Rule F019

Avoid inferSchema=True and mergeSchema=True in Spark read options

Severity

🟡 MEDIUM — Moderate performance impact.

PySpark version

Compatible with PySpark 2.0 and later.

Information

Both options instruct Spark to determine the schema at runtime by scanning the source data, rather than reading a schema you have declared explicitly. This causes:

An extra full scan of the dataset before the actual job starts — at scale this means reading gigabytes or terabytes of data just to guess column types
Non-deterministic schemas that silently change when source data changes: new files with extra columns, type drift between partitions, or different null ratios can produce a different schema on every run
Hard-to-debug production failures when a schema inferred in development no longer matches what arrives in production

mergeSchema=True compounds the problem by unioning all partition schemas, which can introduce unexpected nullable columns or widen types silently.

Best practices

Define schemas explicitly using StructType / StructField so the schema is a visible contract in your code and in code review:

from pyspark.sql.types import StructType, StructField, StringType, LongType

schema = StructType([
    StructField("id",      LongType(),   nullable=False),
    StructField("country", StringType(), nullable=True),
])

df = spark.read.schema(schema).csv("s3://bucket/data/")

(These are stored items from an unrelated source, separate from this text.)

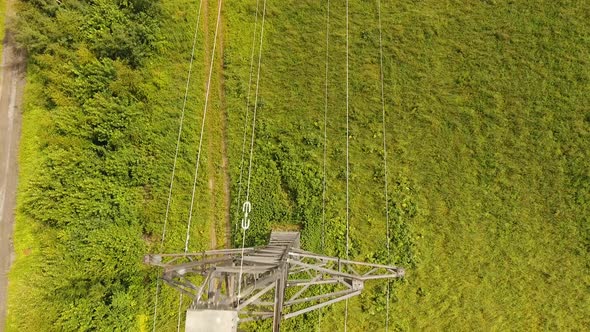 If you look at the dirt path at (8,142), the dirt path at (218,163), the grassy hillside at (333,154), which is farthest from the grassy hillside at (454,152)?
the dirt path at (8,142)

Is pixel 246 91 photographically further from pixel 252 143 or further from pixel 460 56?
pixel 460 56

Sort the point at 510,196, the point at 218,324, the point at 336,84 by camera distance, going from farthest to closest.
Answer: the point at 336,84 → the point at 510,196 → the point at 218,324

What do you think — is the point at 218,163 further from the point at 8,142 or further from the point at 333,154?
the point at 8,142

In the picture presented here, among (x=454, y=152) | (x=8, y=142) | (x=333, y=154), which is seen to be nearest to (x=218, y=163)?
(x=333, y=154)

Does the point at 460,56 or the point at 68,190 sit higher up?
the point at 460,56

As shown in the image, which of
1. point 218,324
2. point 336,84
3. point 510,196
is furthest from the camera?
point 336,84

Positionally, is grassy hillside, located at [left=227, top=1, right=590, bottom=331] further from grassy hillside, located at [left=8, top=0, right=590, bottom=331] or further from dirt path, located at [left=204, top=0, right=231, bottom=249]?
dirt path, located at [left=204, top=0, right=231, bottom=249]

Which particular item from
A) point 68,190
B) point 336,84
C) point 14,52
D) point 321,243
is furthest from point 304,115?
point 14,52

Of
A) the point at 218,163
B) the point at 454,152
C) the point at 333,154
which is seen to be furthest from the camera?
the point at 218,163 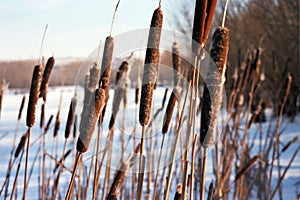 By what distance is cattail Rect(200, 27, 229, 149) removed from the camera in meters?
0.54

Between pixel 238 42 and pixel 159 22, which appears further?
pixel 238 42

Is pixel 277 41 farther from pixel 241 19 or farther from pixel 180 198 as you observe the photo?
pixel 180 198

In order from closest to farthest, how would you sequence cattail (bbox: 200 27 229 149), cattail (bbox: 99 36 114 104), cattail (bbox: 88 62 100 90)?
cattail (bbox: 200 27 229 149) < cattail (bbox: 99 36 114 104) < cattail (bbox: 88 62 100 90)

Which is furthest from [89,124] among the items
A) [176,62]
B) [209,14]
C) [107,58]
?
[176,62]

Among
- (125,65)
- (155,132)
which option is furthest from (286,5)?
(125,65)

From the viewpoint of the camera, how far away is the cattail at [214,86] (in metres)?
0.54

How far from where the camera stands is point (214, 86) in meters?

Rule of thumb: Schema inference is for exploration in a notebook — never in a pipeline.

Example

Bad:

df = spark.read.option("inferSchema", "true").csv("s3://bucket/data/")
df = spark.read.option("mergeSchema", "true").parquet("s3://bucket/data/")
df = spark.read.csv("s3://bucket/data/", inferSchema=True)

Good:

schema = StructType([StructField("id", LongType()), StructField("name", StringType())])
df = spark.read.schema(schema).csv("s3://bucket/data/")